FRANCE A. ELIAS, Petitioner,
TONY LAMARQUE, Warden, Respondent.
The opinion of the court was delivered by: MAXINE CHESNEY, District Judge
ORDER DENYING PETITION FOR WRIT OF HABEAS CORPUS
Petitioner France A. Elias ("petitioner"), a California
prisoner proceeding pro se, filed the above-titled petition for a
writ of habeas corpus pursuant to 28 U.S.C. § 2254. After
reviewing the petition, the Court ordered respondent Tony
LaMarque ("respondent") to show cause why the petition should not
be granted based on petitioner's cognizable claims. Respondent
has filed an answer, accompanied by a memorandum and exhibits,
contending that the petition should be denied. Petitioner has
filed a traverse.
A jury in Santa Clara County Superior Court found petitioner
guilty of second degree robbery with personal use of a firearm.
The Superior Court sentenced petitioner to twelve years in state
prison, inclusive of ten years for the firearm enhancement. The
California Court of Appeal affirmed the conviction and sentence,
and the California Supreme Court denied the petition for review. FACTUAL BACKGROUND
The California Court of Appeal provided the following summary
of the facts of the case:
Edwin Lin owned the ECL market. Mr. Lin also ran a
check cashing service in the market. Lin made and
kept an identification card that contained a
photograph, address, fingerprint and signature for
each check cashing customer. This card indicated the
dates upon which they cashed checks.
At approximately 8:00 p.m. on December 19, 2000,
Carlos Ramirez and the defendant entered the ECL
Market. Ramirez joined Lin behind the counter while
the defendant pointed a gun at Mr. Lin. The two men
ordered Mr. Lin to put money in a bag, but he
refused. Ramirez grabbed money from the open register
and stuffed it into his pockets. He then jumped back
over the counter and ran out of the store with the
defendant, dropping some of the money.
Each of the men wore black and had pantyhose pulled
over their faces. The defendant wore a beanie hat.

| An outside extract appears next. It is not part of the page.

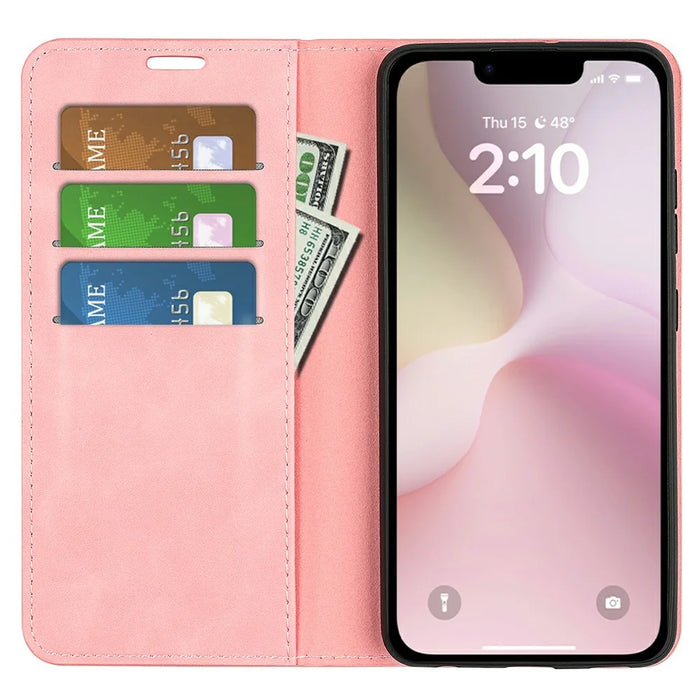 For iPhone 17e / 16e Case Skin Touch Leather Wallet Phone Cover - Pink - 2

Mr. Lin recognized Ramirez as a frequent check
cashing customer. Mr. Lin did not recognize the
defendant, but was able to see him clearly during the
robbery, and was sure of his identification of the
defendant as the robber. According to Mr. Lin's
calculation, the duo stole $1996.
Jerry Marsh and Diana Gesner testified that while
they sat in Marsh's car in a parking lot at 8:00
p.m., two men approached the ECL Market. The men wore
black clothing and hoods. Marsh believed one man had
a beanie hat on under his hood. A few minutes later,
the same two men ran away from the store and drove
away in a dark colored truck. Each man appeared to be
carrying something under his shirt. It was too dark
outside to see either of their faces. After the men
left, Marsh and Gesner went inside the market to see
what had happened. There was money strewn on the
floor behind the counter and Mr. Lin said he had just
Officer Chris Pilger responded to a dispatch
regarding the robbery. Mr. Lin gave Ramirez's
identification card with a photograph and thumbprint
to Officer Pilger. Shortly after the robbery, a truck
matching the description of the getaway vehicle was
involved in a traffic accident. The defendant and
Ramirez were arrested when they arrived at an address
recorded in the accident report approximately three
and a half hours after the robbery in a GMC Jimmy
truck. While Officer Pilger assisted in booking the
defendant, he found approximately $419 in cash in the
defendant's pockets, and a similar amount of cash on
Ramirez. Ramirez had a pistol in the waistband of his
pants. A black beanie hat and a pair of cut-up
women's pantyhose were found in the truck.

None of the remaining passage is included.